Heathcliff sees the looks of desperation in Elizabeth’s eyes. “Alright, cher. Tell me why you think demonic involvement is somehow logical.”

Elizabeth takes a deep breath. “I’m aware this sounds crazy, but I know of reports of alleged demonic activity. Ritualists trying to summon a fell ally from beyond the Pandoran Seal. Dungeons gaining a sudden infusion of mana. People suddenly vanishing one day. The Unlifetree gloaming with activity. All of these are claimed to be proof that while Lady Elpis had sealed the worst and most powerful of the Demons, she did not seal all of them. If not that they had escaped it once more.”

Heathcliff looks over the unusably more serious Elizabeth with an open mind and a level head. “Alright, then. If a demon is involved, do you have any way of dealing with it?”

“I’m not sure,” Elizabeth says. “I know of them, I think they might still exist, but they are such rare creatures that I haven’t considered the possibility until today. I’m sorry.”

“It’s okay, cher,” Heathcliff says. “Leave it to me to find out how to prevail over demons.”
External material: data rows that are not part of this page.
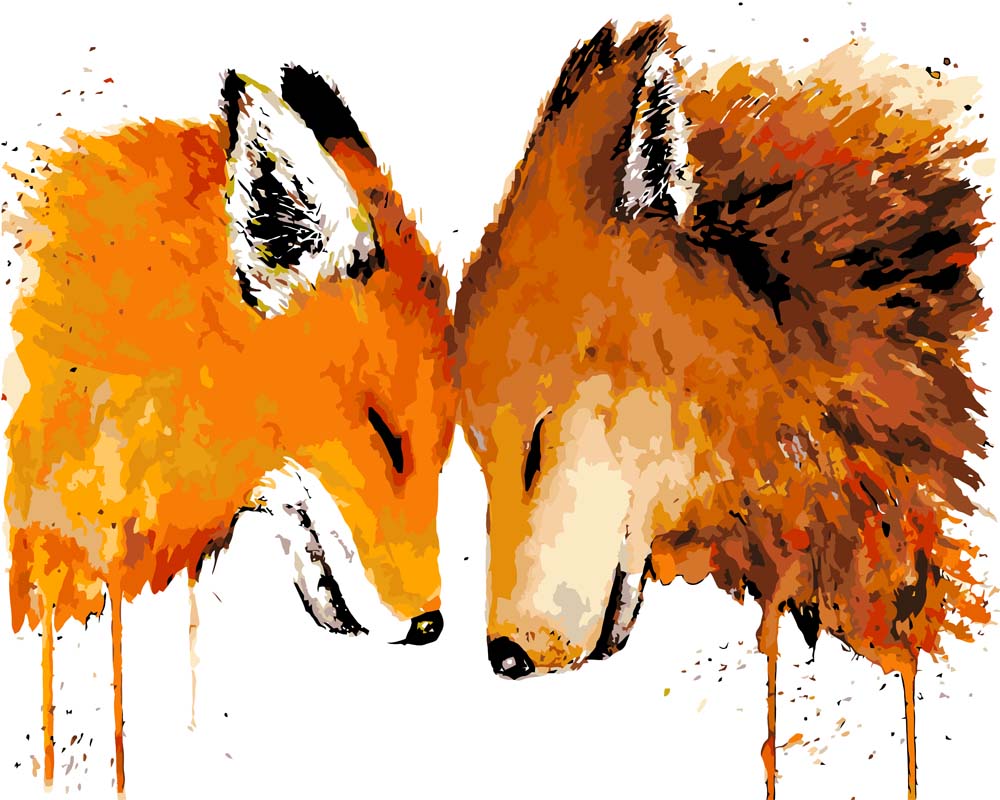 Malen nach Zahlen - Malen nach Zahlen - Fuchs und Wolf - by Tiny Tami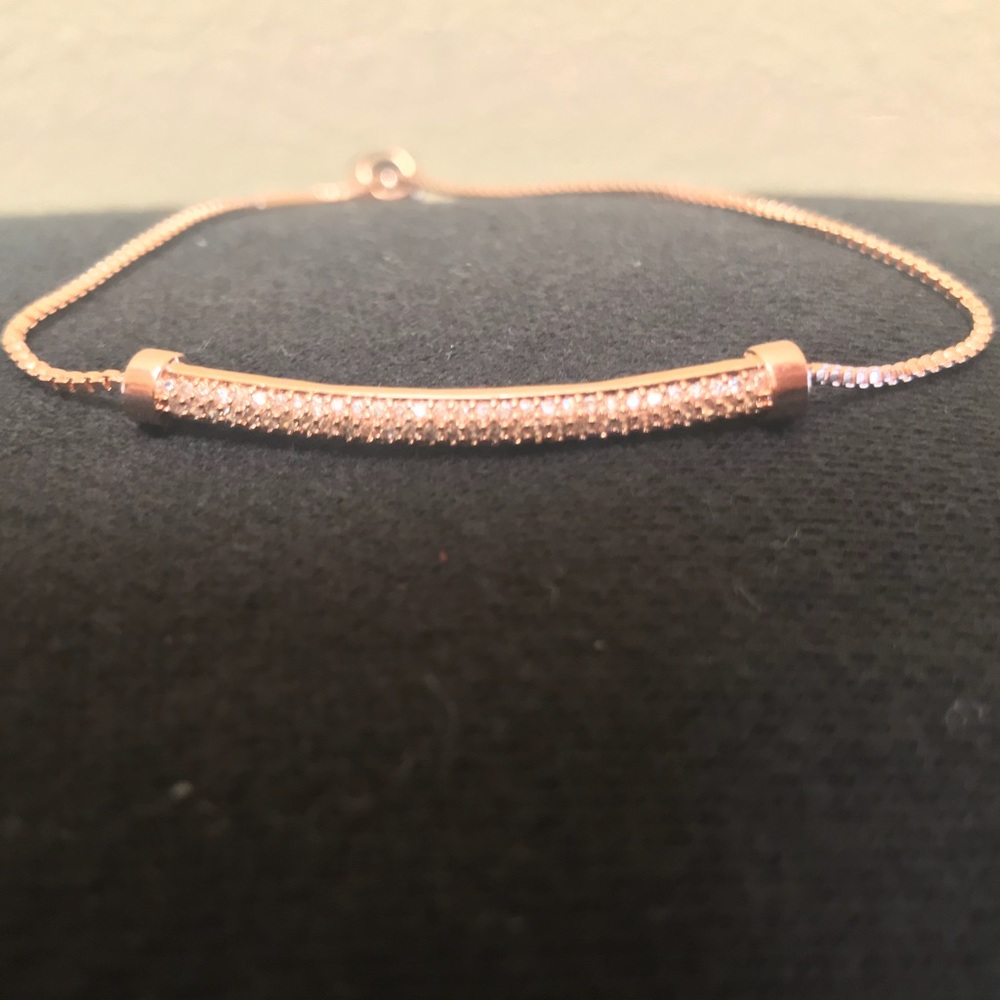 Dainty rose gold rhinestone bracelet
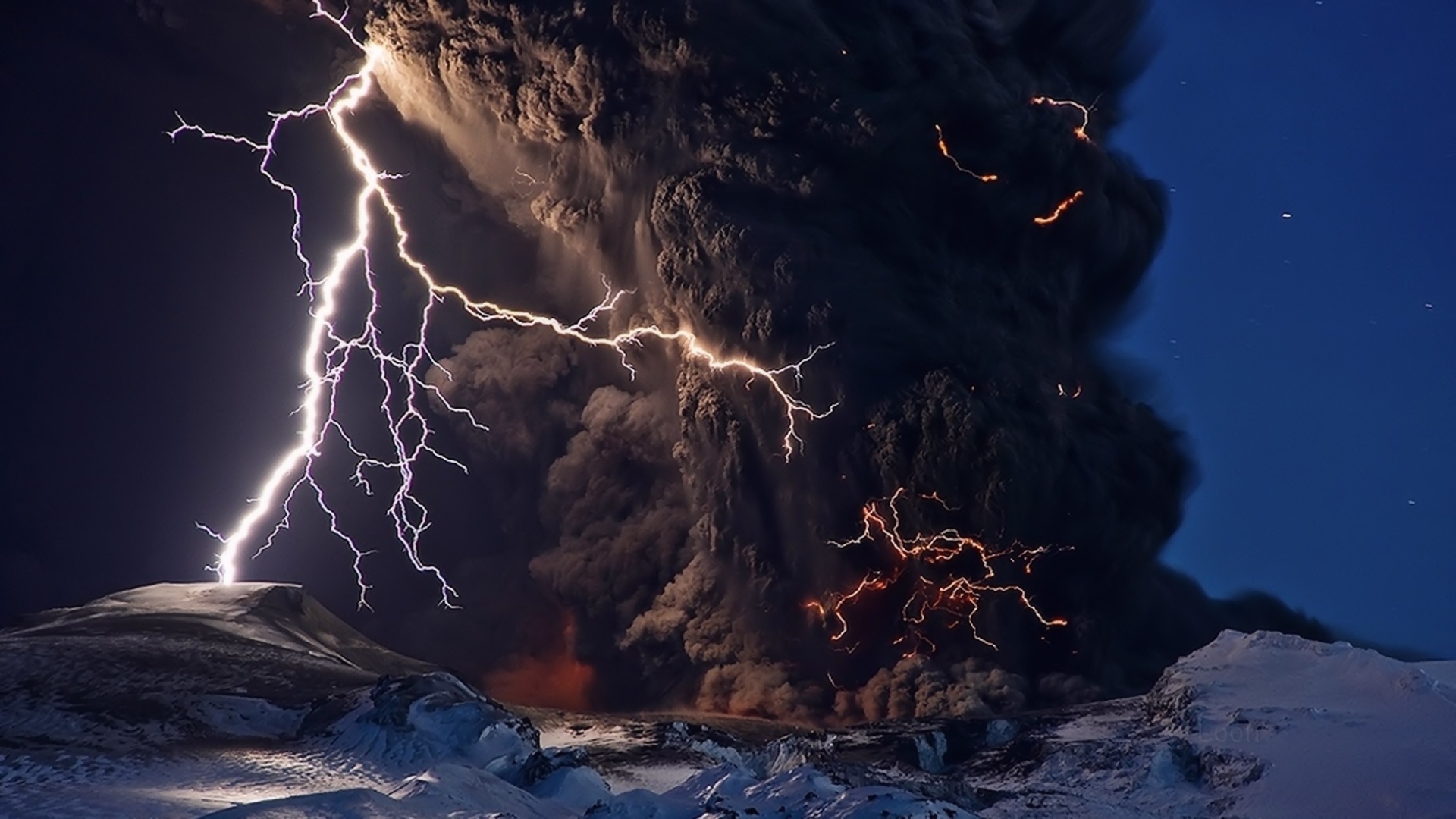火山爆发和闪电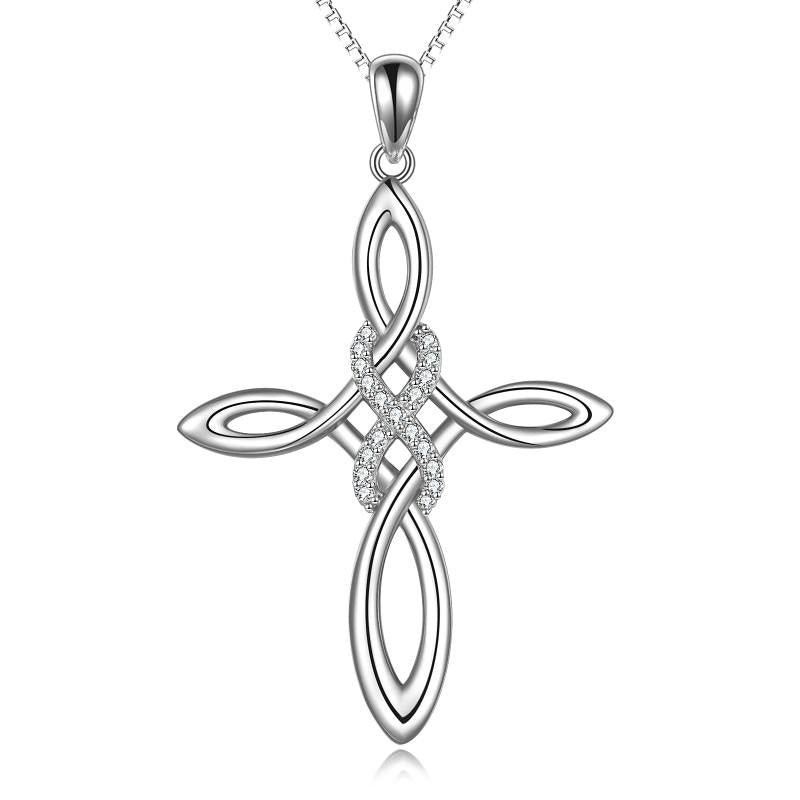 Sterling Silver Celtic Knot Cross Irish Infinity Cross Pendant Necklace Jewelry Gifts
“Thank you,” Elizabeth says.

“It’s my pleasure,” Heathcliff says. “I’d be a poor dungeon master if I let myself be blindsided by improbabilities.” He leaves the room.

✦✦✦

Later, the group, with Charlotte safe and sound, has a dinner prepared by Heathcliff and Douglas. The air is calm, but filled with tension as the fate of the missing children looms over them.
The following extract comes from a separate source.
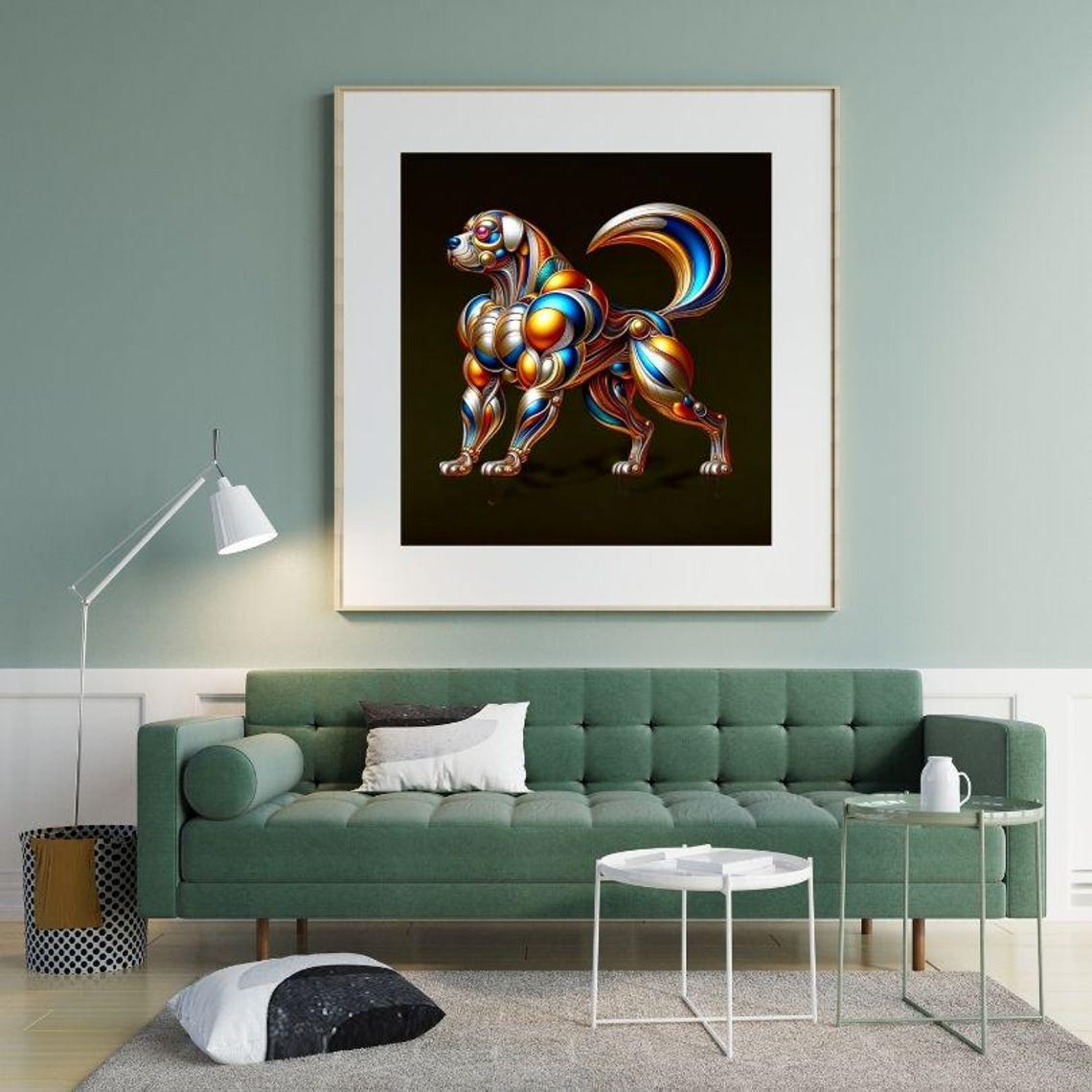 Muscular Gold Blue Metallic Bodybuilder Dog Modern Art Poster - Image 3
Emily finishes her plate first. “Excuse me,” she says. “Has anyone heard about that Piper lately?”

“The thief?” Douglas says. “Not really.”

“I haven't heard any mention of him since he left town,” Medusa says.

“Do you think he might be responsible, Emily? “Tim says.
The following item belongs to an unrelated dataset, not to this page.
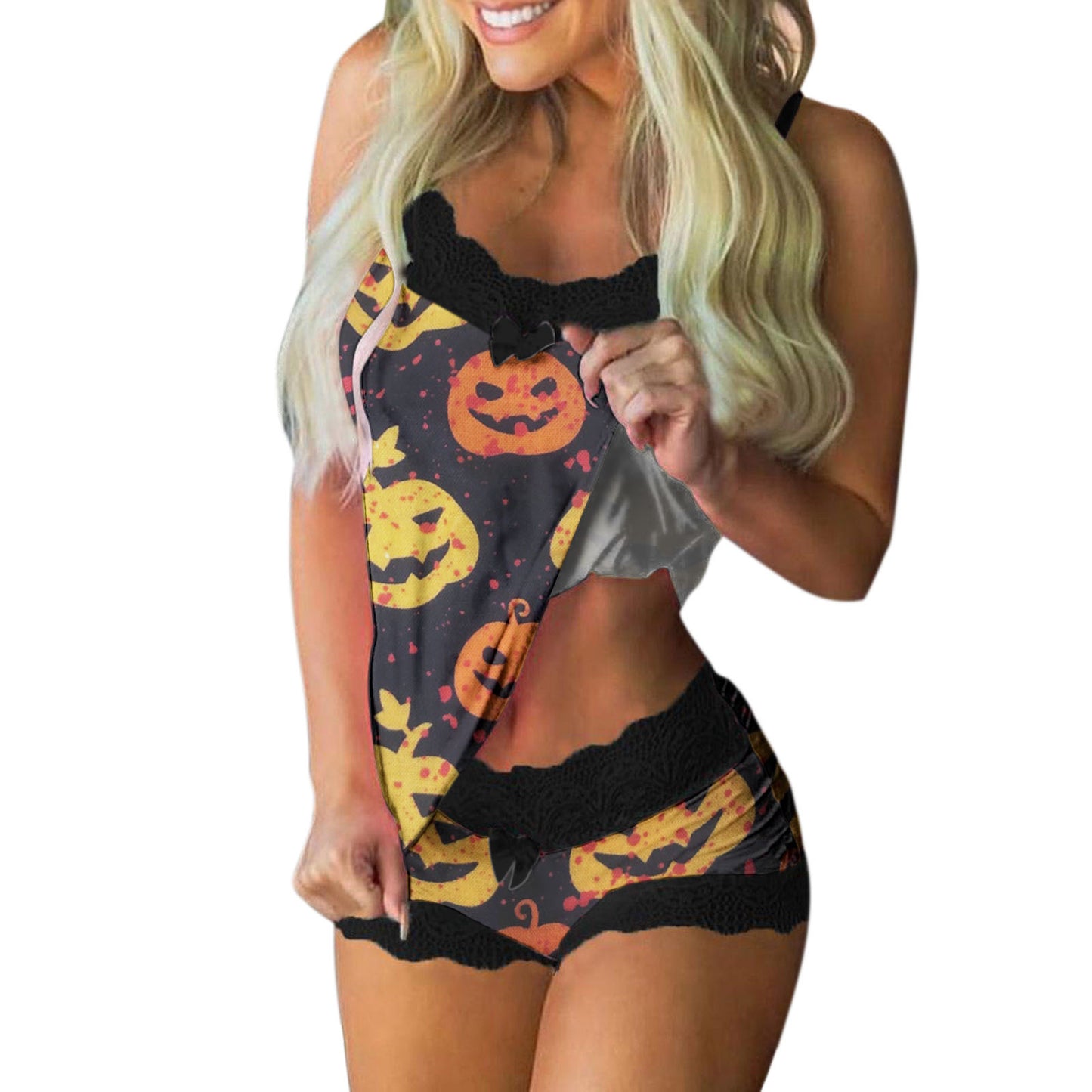 Halloween European And American New Suspender Lace Print Pajamas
“I’m not sure,” Emily says.

“Piper?” Richard says. “What Piper?”

“You know how we went to town on word of a tamer from Noir arriving in the village?” Sarah said.

“Yes,” Richard says.

“Apparently,” Heathcliff says. “Guy was claimed to have attempted to rob the town blind and was brutalized by the local chevaliers for it.”

“The guy seemed so nice,” Medusa says.

Carla ruminates on the tune of the pipe she heard. The nightmarish sounds she hears in her nightmare and before her hallucinations. “The piper vanished before the children,” she says. “There might be a connection there at least.”

“Although there is still a problem with that,” Elizabeth says. She suspects her theory about demonic involvement might be the connecting thread. “How do we find him?”

“I don’t think the mayor would take kindly to having the dire wolves try to smell the coins,” Charlotte says.

“If the tracks had lost the scene after a few days, chances are high any of the piper’s traces are long gone as well,” Carla says.

“I’ll check in with the guild tomorrow night. I gots friends in Noir that connect with Rosenkreuz frequently, odds of they’d know if any Piper returned to Noir,” Heathcliff says.

“It’s going to be a long journey back,” Minerva says.

After dinner, Charlotte asks to meet the Twins in their shared room.

“You want to move away from Hamlin?” Euryale says. “But why?”

“Much as I want to say otherwise, dear sister,” Stheno says “Recent events have made it clear.”

“I’m sorry,” Charlotte says. “But I can’t be certain me or my mom are safe here, not with these accusations over our heads.”

Euryale sulks. “It’s not fair!” she punches her pillow. She doesn’t one to lose the first friend her age she had ever made. Stheno comforts Euryale. “Have you any plans Lotte?” Stheno says to Charlotte.

“No,” Charlotte says. “I want to talk to my mom first.”

The twins intuited that she hadn’t told Carla about her feelings on the town yet. “You know, you can’t keep them bottled up like this, Lotte,” Stheno says.

“I know,” Charlotte sighs.

A now moody Euryale turns to Charlotte, “Promise to visit us?” she says.

“Of course!” Charlotte says. “You’re my best friends! I would never abandon you guys!”

The three girls begin to make plans for tomorrow, thinking they they still have some days left together before Charlotte leaves the town.